WHAT YOU NEED TO DO =
Exactly as given, repeat all of the entries.

|---|

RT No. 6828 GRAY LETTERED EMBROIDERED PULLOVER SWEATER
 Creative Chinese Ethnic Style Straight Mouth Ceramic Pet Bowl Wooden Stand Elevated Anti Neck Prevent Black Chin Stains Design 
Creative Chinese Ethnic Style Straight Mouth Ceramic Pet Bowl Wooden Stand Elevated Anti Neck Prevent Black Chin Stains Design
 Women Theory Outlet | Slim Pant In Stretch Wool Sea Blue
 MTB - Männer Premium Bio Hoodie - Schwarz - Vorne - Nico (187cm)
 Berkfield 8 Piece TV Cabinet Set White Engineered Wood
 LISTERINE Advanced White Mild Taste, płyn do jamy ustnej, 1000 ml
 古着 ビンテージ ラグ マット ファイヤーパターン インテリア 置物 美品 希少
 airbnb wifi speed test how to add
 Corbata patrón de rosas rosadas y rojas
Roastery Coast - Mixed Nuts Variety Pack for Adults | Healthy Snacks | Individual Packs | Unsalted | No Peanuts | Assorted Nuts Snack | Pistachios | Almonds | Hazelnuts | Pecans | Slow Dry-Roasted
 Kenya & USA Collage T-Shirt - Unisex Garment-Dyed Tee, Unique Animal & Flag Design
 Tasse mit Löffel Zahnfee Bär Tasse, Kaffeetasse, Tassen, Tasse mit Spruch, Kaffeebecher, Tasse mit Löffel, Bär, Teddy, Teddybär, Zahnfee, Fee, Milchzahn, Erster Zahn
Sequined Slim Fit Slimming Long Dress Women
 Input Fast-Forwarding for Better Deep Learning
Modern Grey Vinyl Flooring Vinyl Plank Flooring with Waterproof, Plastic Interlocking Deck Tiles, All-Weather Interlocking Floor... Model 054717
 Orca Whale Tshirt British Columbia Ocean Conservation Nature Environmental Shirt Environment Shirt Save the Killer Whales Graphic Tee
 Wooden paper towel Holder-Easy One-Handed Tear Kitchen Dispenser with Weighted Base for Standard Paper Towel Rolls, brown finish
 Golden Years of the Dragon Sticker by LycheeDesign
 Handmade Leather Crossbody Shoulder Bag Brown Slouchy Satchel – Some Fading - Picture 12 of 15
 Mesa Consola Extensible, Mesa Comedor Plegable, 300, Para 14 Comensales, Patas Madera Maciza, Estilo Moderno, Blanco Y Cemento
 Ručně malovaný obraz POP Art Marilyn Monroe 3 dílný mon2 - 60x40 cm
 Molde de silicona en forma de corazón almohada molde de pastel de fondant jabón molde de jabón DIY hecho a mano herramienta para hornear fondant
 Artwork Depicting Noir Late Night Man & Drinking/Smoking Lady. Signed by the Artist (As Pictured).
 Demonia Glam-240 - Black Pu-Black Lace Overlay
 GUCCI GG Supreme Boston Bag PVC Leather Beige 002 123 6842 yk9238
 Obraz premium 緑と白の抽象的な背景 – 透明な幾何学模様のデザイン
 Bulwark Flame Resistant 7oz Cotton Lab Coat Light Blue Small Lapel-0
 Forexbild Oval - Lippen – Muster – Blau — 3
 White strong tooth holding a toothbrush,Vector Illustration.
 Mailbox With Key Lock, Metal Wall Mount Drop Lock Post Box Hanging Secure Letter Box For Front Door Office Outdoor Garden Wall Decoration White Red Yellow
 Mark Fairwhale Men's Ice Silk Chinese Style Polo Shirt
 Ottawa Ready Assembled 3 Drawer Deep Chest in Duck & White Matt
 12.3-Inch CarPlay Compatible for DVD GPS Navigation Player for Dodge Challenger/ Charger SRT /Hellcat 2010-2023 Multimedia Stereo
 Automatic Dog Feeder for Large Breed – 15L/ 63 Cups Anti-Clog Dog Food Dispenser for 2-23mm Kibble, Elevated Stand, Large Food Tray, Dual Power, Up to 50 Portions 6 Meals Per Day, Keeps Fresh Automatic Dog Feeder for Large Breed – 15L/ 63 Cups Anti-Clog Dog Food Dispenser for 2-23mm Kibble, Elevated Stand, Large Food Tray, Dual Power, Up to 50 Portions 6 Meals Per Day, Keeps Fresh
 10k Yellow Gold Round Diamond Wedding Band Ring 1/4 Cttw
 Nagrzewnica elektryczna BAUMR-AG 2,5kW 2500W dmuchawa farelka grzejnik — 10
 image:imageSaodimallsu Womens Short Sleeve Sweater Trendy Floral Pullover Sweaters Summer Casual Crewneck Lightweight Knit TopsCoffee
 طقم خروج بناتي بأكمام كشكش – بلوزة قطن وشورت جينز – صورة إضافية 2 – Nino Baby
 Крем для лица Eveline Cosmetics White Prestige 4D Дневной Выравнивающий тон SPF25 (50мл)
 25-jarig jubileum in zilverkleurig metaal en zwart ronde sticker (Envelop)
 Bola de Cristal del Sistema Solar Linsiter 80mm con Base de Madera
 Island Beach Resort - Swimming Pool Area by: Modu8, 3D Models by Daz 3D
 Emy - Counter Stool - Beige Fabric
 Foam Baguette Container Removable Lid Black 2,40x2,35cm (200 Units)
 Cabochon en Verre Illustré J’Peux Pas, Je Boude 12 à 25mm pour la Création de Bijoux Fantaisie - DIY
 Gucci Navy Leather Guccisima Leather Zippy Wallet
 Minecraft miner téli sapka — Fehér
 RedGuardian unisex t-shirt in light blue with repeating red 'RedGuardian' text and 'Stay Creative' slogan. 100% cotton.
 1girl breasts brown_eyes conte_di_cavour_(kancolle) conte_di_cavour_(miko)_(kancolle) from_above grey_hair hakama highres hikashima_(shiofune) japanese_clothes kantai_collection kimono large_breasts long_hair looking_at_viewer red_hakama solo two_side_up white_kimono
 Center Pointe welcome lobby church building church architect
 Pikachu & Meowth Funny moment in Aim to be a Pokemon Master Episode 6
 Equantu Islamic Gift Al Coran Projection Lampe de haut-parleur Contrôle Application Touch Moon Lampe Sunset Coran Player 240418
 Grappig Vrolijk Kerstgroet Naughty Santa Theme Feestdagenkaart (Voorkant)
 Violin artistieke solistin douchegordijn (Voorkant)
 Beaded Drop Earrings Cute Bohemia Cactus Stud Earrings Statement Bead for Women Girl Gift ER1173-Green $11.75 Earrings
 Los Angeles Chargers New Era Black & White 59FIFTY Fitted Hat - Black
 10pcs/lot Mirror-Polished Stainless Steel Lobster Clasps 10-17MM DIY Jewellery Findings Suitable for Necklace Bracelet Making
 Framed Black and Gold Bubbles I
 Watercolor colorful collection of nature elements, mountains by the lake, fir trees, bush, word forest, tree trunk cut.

|---|

TASK ANSWER =
RT No. 6828 GRAY LETTERED EMBROIDERED PULLOVER SWEATER
 Creative Chinese Ethnic Style Straight Mouth Ceramic Pet Bowl Wooden Stand Elevated Anti Neck Prevent Black Chin Stains Design 
Creative Chinese Ethnic Style Straight Mouth Ceramic Pet Bowl Wooden Stand Elevated Anti Neck Prevent Black Chin Stains Design
 Women Theory Outlet | Slim Pant In Stretch Wool Sea Blue
 MTB - Männer Premium Bio Hoodie - Schwarz - Vorne - Nico (187cm)
 Berkfield 8 Piece TV Cabinet Set White Engineered Wood
 LISTERINE Advanced White Mild Taste, płyn do jamy ustnej, 1000 ml
 古着 ビンテージ ラグ マット ファイヤーパターン インテリア 置物 美品 希少
 airbnb wifi speed test how to add
 Corbata patrón de rosas rosadas y rojas
Roastery Coast - Mixed Nuts Variety Pack for Adults | Healthy Snacks | Individual Packs | Unsalted | No Peanuts | Assorted Nuts Snack | Pistachios | Almonds | Hazelnuts | Pecans | Slow Dry-Roasted
 Kenya & USA Collage T-Shirt - Unisex Garment-Dyed Tee, Unique Animal & Flag Design
 Tasse mit Löffel Zahnfee Bär Tasse, Kaffeetasse, Tassen, Tasse mit Spruch, Kaffeebecher, Tasse mit Löffel, Bär, Teddy, Teddybär, Zahnfee, Fee, Milchzahn, Erster Zahn
Sequined Slim Fit Slimming Long Dress Women
 Input Fast-Forwarding for Better Deep Learning
Modern Grey Vinyl Flooring Vinyl Plank Flooring with Waterproof, Plastic Interlocking Deck Tiles, All-Weather Interlocking Floor... Model 054717
 Orca Whale Tshirt British Columbia Ocean Conservation Nature Environmental Shirt Environment Shirt Save the Killer Whales Graphic Tee
 Wooden paper towel Holder-Easy One-Handed Tear Kitchen Dispenser with Weighted Base for Standard Paper Towel Rolls, brown finish
 Golden Years of the Dragon Sticker by LycheeDesign
 Handmade Leather Crossbody Shoulder Bag Brown Slouchy Satchel – Some Fading - Picture 12 of 15
 Mesa Consola Extensible, Mesa Comedor Plegable, 300, Para 14 Comensales, Patas Madera Maciza, Estilo Moderno, Blanco Y Cemento
 Ručně malovaný obraz POP Art Marilyn Monroe 3 dílný mon2 - 60x40 cm
 Molde de silicona en forma de corazón almohada molde de pastel de fondant jabón molde de jabón DIY hecho a mano herramienta para hornear fondant
 Artwork Depicting Noir Late Night Man & Drinking/Smoking Lady. Signed by the Artist (As Pictured).
 Demonia Glam-240 - Black Pu-Black Lace Overlay
 GUCCI GG Supreme Boston Bag PVC Leather Beige 002 123 6842 yk9238
 Obraz premium 緑と白の抽象的な背景 – 透明な幾何学模様のデザイン
 Bulwark Flame Resistant 7oz Cotton Lab Coat Light Blue Small Lapel-0
 Forexbild Oval - Lippen – Muster – Blau — 3
 White strong tooth holding a toothbrush,Vector Illustration.
 Mailbox With Key Lock, Metal Wall Mount Drop Lock Post Box Hanging Secure Letter Box For Front Door Office Outdoor Garden Wall Decoration White Red Yellow
 Mark Fairwhale Men's Ice Silk Chinese Style Polo Shirt
 Ottawa Ready Assembled 3 Drawer Deep Chest in Duck & White Matt
 12.3-Inch CarPlay Compatible for DVD GPS Navigation Player for Dodge Challenger/ Charger SRT /Hellcat 2010-2023 Multimedia Stereo
 Automatic Dog Feeder for Large Breed – 15L/ 63 Cups Anti-Clog Dog Food Dispenser for 2-23mm Kibble, Elevated Stand, Large Food Tray, Dual Power, Up to 50 Portions 6 Meals Per Day, Keeps Fresh Automatic Dog Feeder for Large Breed – 15L/ 63 Cups Anti-Clog Dog Food Dispenser for 2-23mm Kibble, Elevated Stand, Large Food Tray, Dual Power, Up to 50 Portions 6 Meals Per Day, Keeps Fresh
 10k Yellow Gold Round Diamond Wedding Band Ring 1/4 Cttw
 Nagrzewnica elektryczna BAUMR-AG 2,5kW 2500W dmuchawa farelka grzejnik — 10
 image:imageSaodimallsu Womens Short Sleeve Sweater Trendy Floral Pullover Sweaters Summer Casual Crewneck Lightweight Knit TopsCoffee
 طقم خروج بناتي بأكمام كشكش – بلوزة قطن وشورت جينز – صورة إضافية 2 – Nino Baby
 Крем для лица Eveline Cosmetics White Prestige 4D Дневной Выравнивающий тон SPF25 (50мл)
 25-jarig jubileum in zilverkleurig metaal en zwart ronde sticker (Envelop)
 Bola de Cristal del Sistema Solar Linsiter 80mm con Base de Madera
 Island Beach Resort - Swimming Pool Area by: Modu8, 3D Models by Daz 3D
 Emy - Counter Stool - Beige Fabric
 Foam Baguette Container Removable Lid Black 2,40x2,35cm (200 Units)
 Cabochon en Verre Illustré J’Peux Pas, Je Boude 12 à 25mm pour la Création de Bijoux Fantaisie - DIY
 Gucci Navy Leather Guccisima Leather Zippy Wallet
 Minecraft miner téli sapka — Fehér
 RedGuardian unisex t-shirt in light blue with repeating red 'RedGuardian' text and 'Stay Creative' slogan. 100% cotton.
 1girl breasts brown_eyes conte_di_cavour_(kancolle) conte_di_cavour_(miko)_(kancolle) from_above grey_hair hakama highres hikashima_(shiofune) japanese_clothes kantai_collection kimono large_breasts long_hair looking_at_viewer red_hakama solo two_side_up white_kimono
 Center Pointe welcome lobby church building church architect
 Pikachu & Meowth Funny moment in Aim to be a Pokemon Master Episode 6
 Equantu Islamic Gift Al Coran Projection Lampe de haut-parleur Contrôle Application Touch Moon Lampe Sunset Coran Player 240418
 Grappig Vrolijk Kerstgroet Naughty Santa Theme Feestdagenkaart (Voorkant)
 Violin artistieke solistin douchegordijn (Voorkant)
 Beaded Drop Earrings Cute Bohemia Cactus Stud Earrings Statement Bead for Women Girl Gift ER1173-Green $11.75 Earrings
 Los Angeles Chargers New Era Black & White 59FIFTY Fitted Hat - Black
 10pcs/lot Mirror-Polished Stainless Steel Lobster Clasps 10-17MM DIY Jewellery Findings Suitable for Necklace Bracelet Making
 Framed Black and Gold Bubbles I
 Watercolor colorful collection of nature elements, mountains by the lake, fir trees, bush, word forest, tree trunk cut.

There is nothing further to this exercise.